The phone at the reception desk rang, summoning Adnan back to duty.
The computer was still frozen. But there was another night-owl killing
time in the hotel lobby, Ojan, a young man in his 20s. His English was
touch-and-go, but with a little practice and help from the map in my
guidebook, I learned that he was from Abadan, on the Persian Gulf, and
worked as a shepherd, and that he had come to Hamadan to visit
relatives. The rest of his family was still enjoying what nightlife was
to be had in Hamadan--at a private party in a private home out of
eyesight of watchful authorities.
"This is not a country to have fun," he said. He took out
his mobile phone, scanned through. There were photographs of green hills
and blue skies near Abadan. Finally he found some shots of the
demonstrations in Tehran. One photo showed a female basij frisking
another woman spread out over the hood of a car. Her left hand was
reaching under the woman's monteaux; the other held a pistol. There
were more pictures of demonstrations, men and women being manhandled by
the police and basij, men and women.
Just then from between the pages of my guidebook fell a small card,
a little bigger than a business card, that I had been using as a
bookmark. On one side were quotations in Farsi and on the other a
photograph of Ayatollah Khomeini, again, surrounded by clouds. It had
been given to me by the ticket taker at Khomeini's house in Tehran
when I visited it a few days before.
"Where did you get that?" Ojan asked.
I didn't have the nerve to tell him.
Tehran--Stretching 30 miles from the edge of Tehran's suburbs
to the apron of the Alborz Mountains to the north, Vali Asr Street is
both the city's wall and bridge. Running as straight as a compass
arrow, it cuts through the conservative, working-class southern half of
the city, bypasses the Tehran bazaar, the crossroads for nearly all of
Tehran, and then begins a long, sleepy climb toward the mountains and
the neighborhoods of the North Tehran "elites," center of the
green movement and all that rankles the government. Crackdowns on
"un-Islamic" dress and haircuts usually occur at the beginning
of the summer, but for a few mouths after the post-election riots the
morals police almost vanished. The Islamic regime is nothing if not
pragmatic, and so it refrained from taking any risks that might drive
the people back into the streets.
One night I had a roasted vegetable pizza at Bix, an upscale eatery
in the Gandhi Street Shopping Center, a complex of restaurants and cafes
that also includes a music shop where the staff will burn a copy of any
"banned" CD they don't have on hand. Bix's menu
advertises "California-Mediterranean cuisine," and many of the
patrons appeared to have been plucked off the boardwalk at Malibu or
Nice. A few of the waiters struggled with marginal English, and most of
the women wore colorful, form-fitting monteaux and tapered designer
jeans.
I was waiting to pay my bill when I met Parviz and his wife. For 20
years they had lived in Tennessee, where Parviz ran a real estate
business. Long ago he had become an American citizen but retained his
Iranian citizenship and each year spent several months back in Iran so
his 10-year-old daughter wouldn't grow up wholly ignorant of her
parents' ancestry. The price was her experience in the Iranian
school system.
"There's so much brainwashing," Parviz said.

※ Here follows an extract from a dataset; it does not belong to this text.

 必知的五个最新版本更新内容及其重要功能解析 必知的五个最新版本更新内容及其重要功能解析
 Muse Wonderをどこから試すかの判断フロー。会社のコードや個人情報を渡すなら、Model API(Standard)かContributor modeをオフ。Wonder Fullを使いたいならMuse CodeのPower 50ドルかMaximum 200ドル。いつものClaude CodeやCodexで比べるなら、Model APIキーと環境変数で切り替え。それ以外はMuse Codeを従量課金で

"They distort the whole history of the Revolution to suit their
needs. Some people are fooled, but now there's so many ways to get
information that most people aren't. But I still have reteach my
daughter half of what she learns."
I told him about the rally I had attended and the appearance of
Ahmadinejad and the Revolutionary Guard captains surrounding the stage
platform in their green caps and military fatigues.

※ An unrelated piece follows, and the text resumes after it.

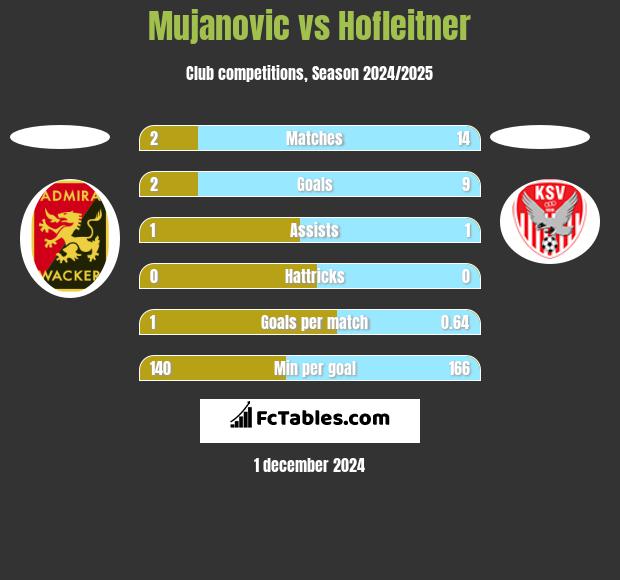 Mujanovic vs Hofleitner h2h player stats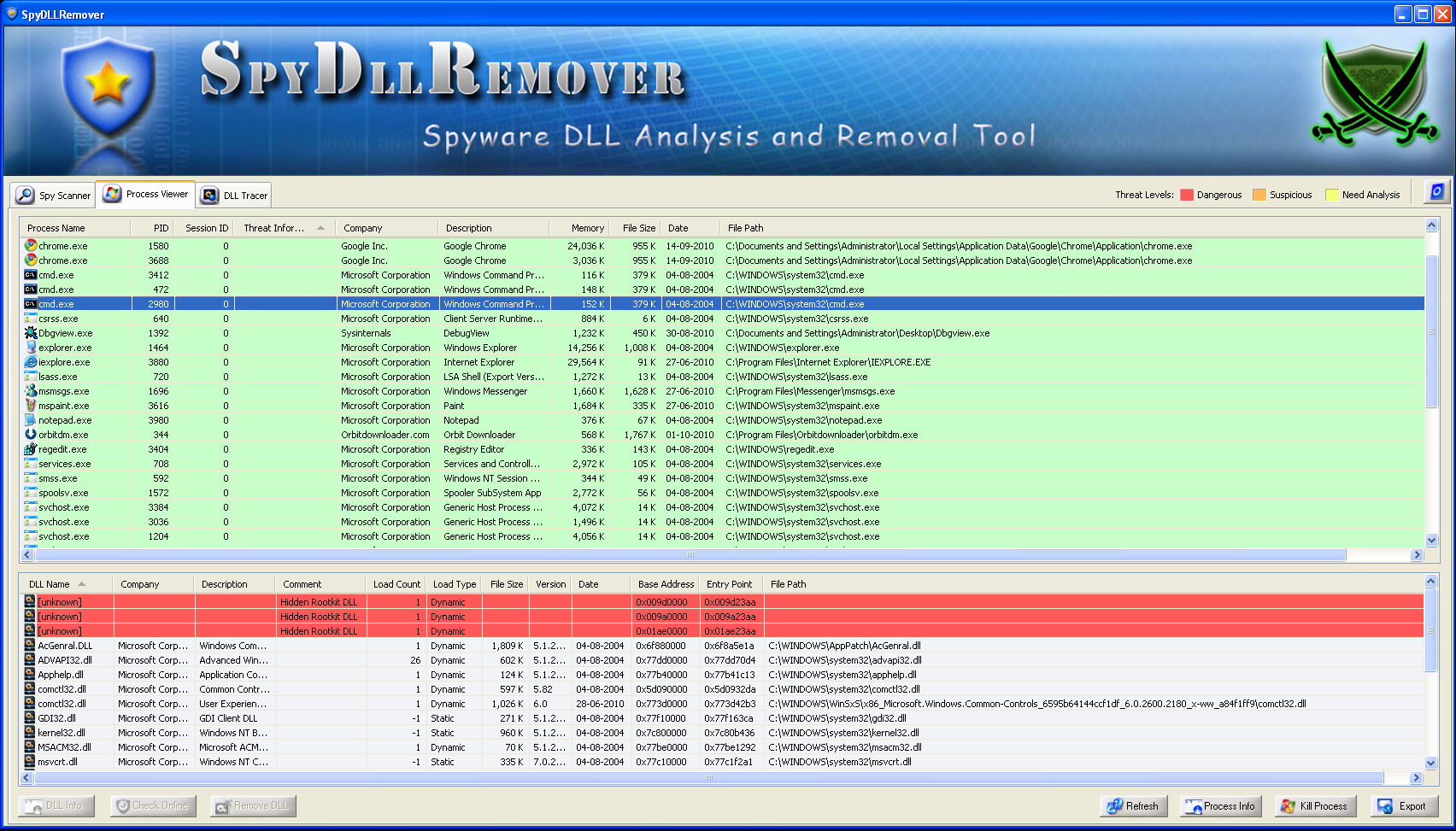 Figure 2: Security Architecture, Packet Inspection & Threat Simulation Diagram for Dll Injection Detection And Process Monitoring Tool (Page 3)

"Some are real believers in the regime and everything it
stands for, but most are bought and paid for."
I asked him if Mir Hussein Mousavi, Mohammed Khatami, and Ayatollah
Rafsanjani didn't represent a real threat to the regime. Mousavi
had been the likely victor in the elections, if all the ballots had been
accurately totaled; Khatami led the government prior to
Ahmedinejad's election and attempted radical reforms; Rafsanjani
had switched from government loyalist to gadfly. Even his daughter had
been arrested attending anti-government protests.

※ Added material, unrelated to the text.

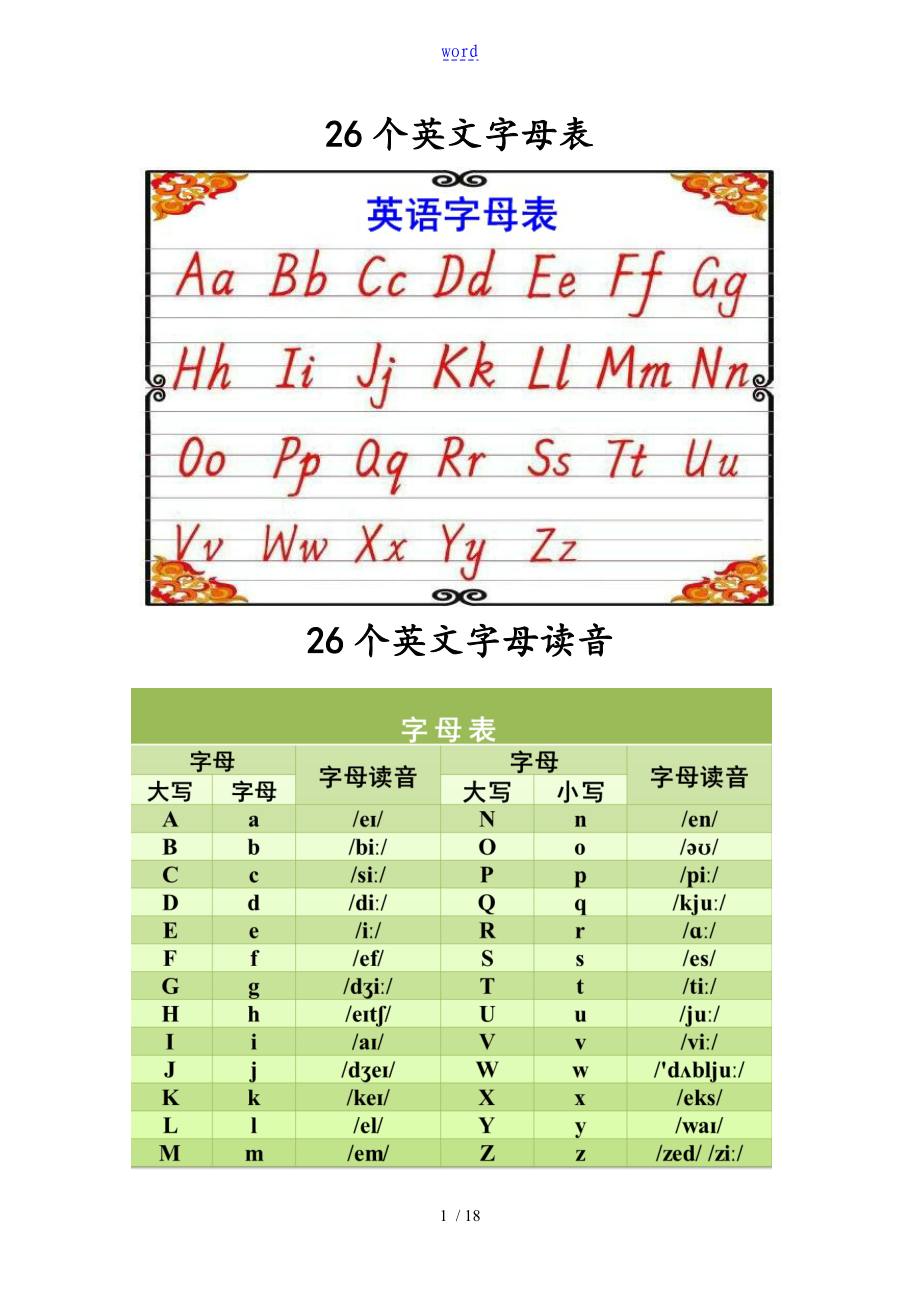 26个英文字母表格及字母发音-29英语字母表格_第1页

"Same shit, different shade," Parviz replied.
"They've all served the same rotten system. But Mousavi could
have been a turning point. There could have been changes in the
parliament, more power to the secularists."
So was nothing gained in the elections?"
Hassan forced a thin smile. "The people have finally seen that
there's nothing inside these leaders," he said. "And the
leaders have learned that the people are willing to fight them."
The next day I left my guide to take a walk in the mountains. But I
wasn't alone. I was chaperoned by Rashani, a calligraphic artist I
had met at the opening of an art exhibit where several of her works were
on display. In a roomful of art aficionados and gallery hoppers, she was
comfortable enough to pass along her contact number to a visiting
American but not enough at ease to talk politics. That was reserved for
a mountainside trail where hundreds of other Tehranis go on weekends to
stroll and set up makeshift barbecues in order to escape the social and
political tension of the city.
I asked her view of the country's leaders. Her answer was
succinct: "They can go to hell! We deserve better," she went
on. "All this talk of nuclear energy and arguments with the West is
a way of keeping people distracted. That's what they want, for
everyone to be passive--no, frightened--but Iranian people are not like
that."
What are they like, I asked. What did they want, if not the current
government?
"I guess we don't really know. I'm not sure I know
what I want. But we do know we don't want all this religion in
government."
I was reminded of a joke I had once heard about the difference
between the mosques in Saudi Arabia and Iran: The mosques in Saudi
Arabia are ugly heaps of rubble but filled on Fridays; the mosques in
Iran are magnificent works of art but empty on Fridays.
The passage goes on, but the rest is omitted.